Here is how education compares. The U.S. House Committee
on Science (1998) wrote, “currently, the U.S. spends approximately
$300 billion a year on education and less than $30 million, 0.01 percent of the overall education budget, on education
research . . . This minuscule investment suggests a feeble longterm
commitment to improving our educational system” (p. 46).
The research-based development of tools and processes for
use by practitioners, common in other applied fields, is
largely missing in education. Such “engineering research”
is essential to building strong linkages between researchbased
insights and improved practice.
Just about everybody, having gone to school, thinks he or she is an expert on education.
Basically, we could use more funding for research and development to improve education, especially more development. We need more educational engineers, learning designers, eduhackers, whatever you want to call it. Both curriculum development and technology development. Bob Tinker made a similar point in another paper:
IMD is the only NSF program to develop new learning materials and plans to spend only $7M in FY2006, which is less than 1% of the EHR budget (0.86%) and about 1/9th of one percent of the total NSF budget. This strikingly low number is consistent with NSF policy, which appears to take the position that new materials are not needed….In short, the NSF plans to study the how to develop materials, but does not have the actual development of new materials as a priority.
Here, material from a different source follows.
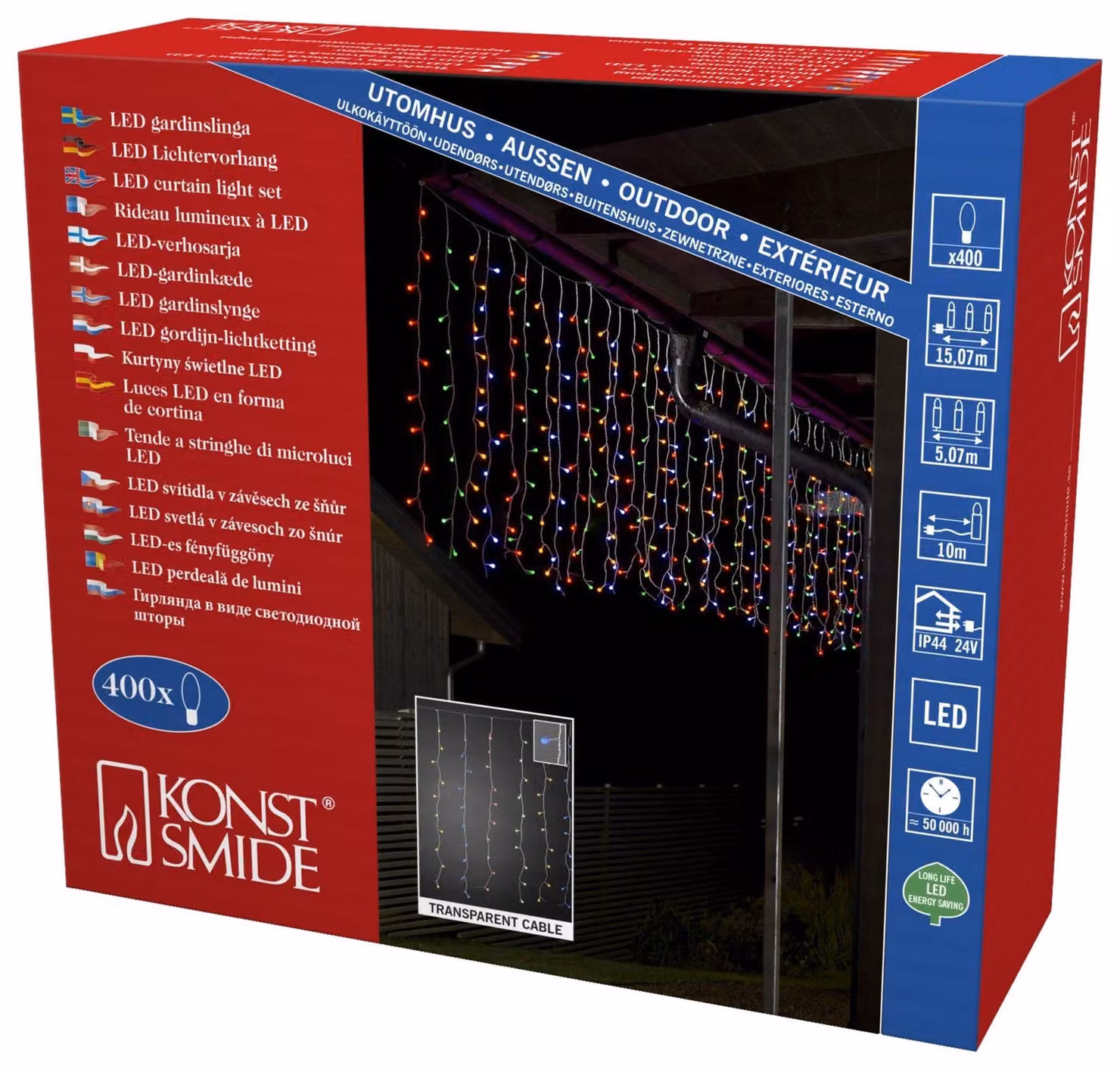 Tenda luminosa a LED, con 400 sfere colorate, 24V, grado di protezione IP44, cavo trasparente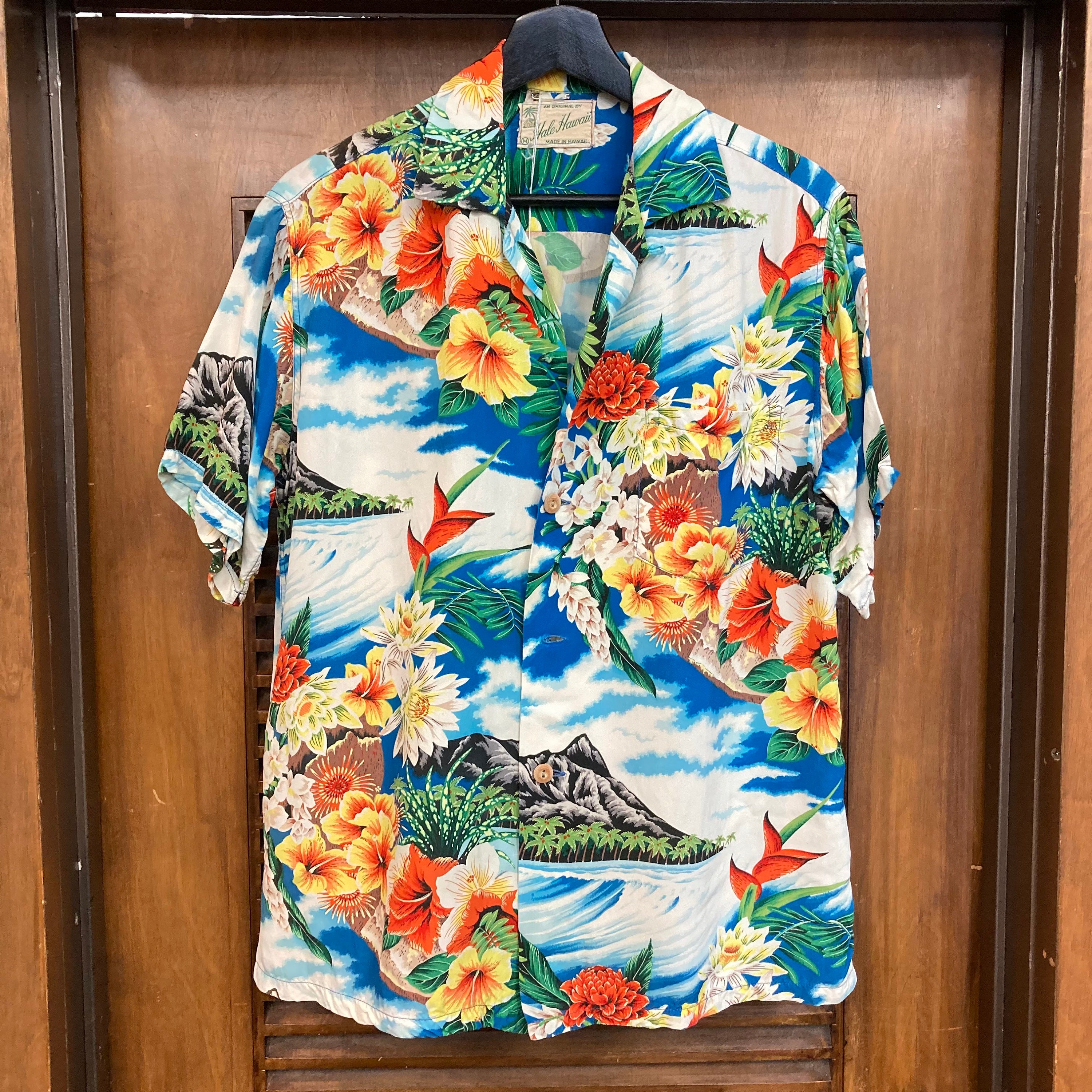 Vintage 1950s hale Hawaii Tiki Tropical Floral Crepe Hawaiian Shirt, Matching Pocket, 50s Loop Collar, Vintage Clothing - Etsy Vintage 1950s hale Hawaii Tiki Tropical Floral Crepe Hawaiian Shirt, Matching Pocket, 50s Loop Collar, Vintage Clothing - Etsy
Science, technology, engineering, and mathematics (STEM) education could be reformed by simply reallocating the current NSF education budget. No huge infusion of new funding is required, just the leadership to change from current policies that are not achieving the desired goal. No huge research effort is needed to find new ways to teach and learn; we already know all that is required to make major improvements. Innovation, not fundamental new knowledge, is needed at each step to integrate ideas from researchers from mathematics, science, and engineering and to incorporate changes in the disciplines and new insights about cognition.